Post

DAVI Visualizing Geospatial Data - redo

DAVI Visualizing Geospatial Data - redo

Lecture Notes

Below is a comprehensive set of notes based on the professor’s lecture.
All key points, examples, and explanations have been included in detail.


1. Announcements

  1. Project Presentations Sign-up
    • The sign-up for project presentations is now open.
    • Students are invited to present their project in the upcoming TA sessions (either next week or the week after).
    • Purpose:
      • Showcase progress
      • Receive feedback from the professor and peers
  2. Exam Sign-up (Phase 2)
    • Announcement on Brightspace will follow.
    • If you have any scheduling conflicts or other obligations during the exam period, send an email to the professor.
      • You will receive the sign-up link earlier to secure a suitable time slot.
  3. Office Hour Cancellation
    • No office hour today because the professor has another lecture to give (the “Pre-Talent Trek” for bachelor students).
    • This is a one-time event; next week’s office hours will return to normal.
  4. Today’s Short Breaks
    • The professor needs to lecture for 5 hours today and must travel to another campus building after class.
    • He requests 10-minute breaks so the class can finish 10 minutes earlier, allowing him travel time.
  5. Plan for Today
    • Organizational matters are settled.
    • Before moving into the main topic—Geo Visualization—there will be a quick recap quiz on temporal data visualization (as is done most Mondays).

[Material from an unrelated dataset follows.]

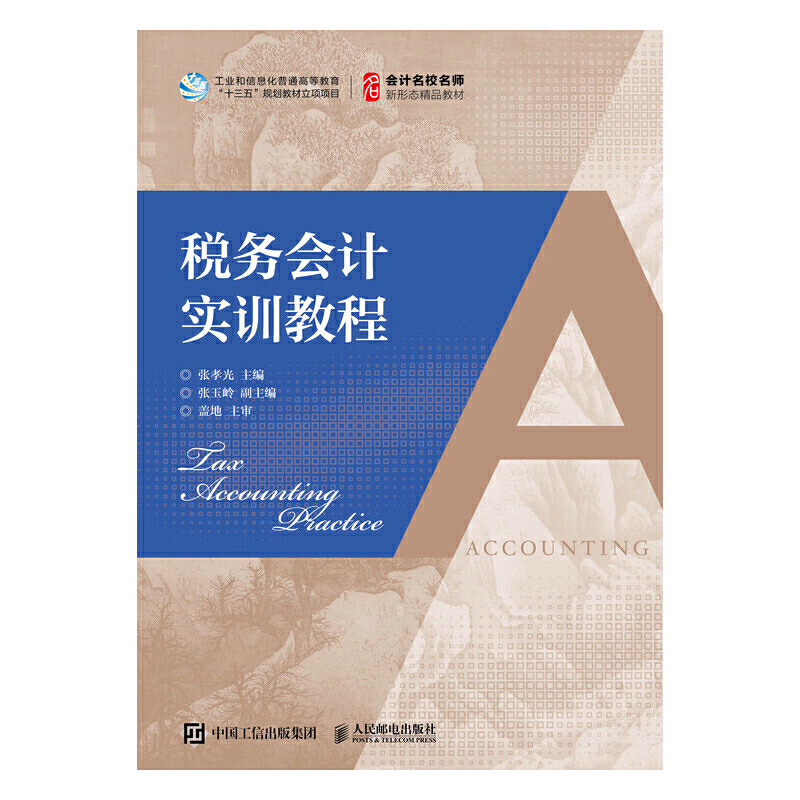 ����(w��)��(hu��)Ӌ(j��)��(sh��)Ӗ(x��n)�̳�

2. Recap Quiz (Time-Oriented Data)

The professor used Menti (shown on the screen) to pose several multiple-choice questions. Below are the questions, answers, and the professor’s elaborations.

Q1. Horizon graphs are used to show:

  • Options:
    1. Multiple events
    2. Multiple time intervals
    3. Multiple time granularity
    4. Multiple time series
  • Correct Answer: Multiple time series
  • Explanation & Examples:
    • Horizon graphs are particularly good when you have many time series—like stock prices over time or weather data (e.g., temperature for multiple cities).
    • For multiple time granularity, a calendar visualization is more suitable.
    • For multiple time intervals, you’d typically use triangular models or Gantt charts.
    • For multiple events, the professor showed an example called the time map (e.g., analyzing distances between consecutive Twitter events).

Q2. Which one is not a time arrangement?

  • Options:
    1. Logarithmic time
    2. Cyclic time
    3. Linear time
    4. Branching time
  • Correct Answer: Logarithmic time
  • Explanation & Examples:
    • Linear time: The standard timeline concept, e.g., from the earliest to the latest date.
    • Cyclic time: Illustrated by a clock face or repeated seasonal patterns.
    • Branching time: Familiar to computer scientists from version control (e.g., Git branching).
    • “Logarithmic time” was simply made up; it’s not a standard conceptual arrangement for time in data visualization.

Q3. Identification of the chart (showing intervals as points in a triangular shape):

  • Options:
    1. Ternary plot
    2. Triangular model
    3. Population pyramid
    4. Tri-linear plot
  • Correct Answer: Triangular model
  • Explanation & Examples:
    • Triangular model (or triangle chart for time intervals) represents intervals as points instead of lines (like the Gantt chart does).
    • A ternary plot is a three-variable scatterplot (often summing to 1 or 100%).
    • A population pyramid is used to display population by age brackets (often split by gender, with symmetrical bars around a central axis).
    • A tri-linear plot is another term related to Piper diagrams but not what was shown here.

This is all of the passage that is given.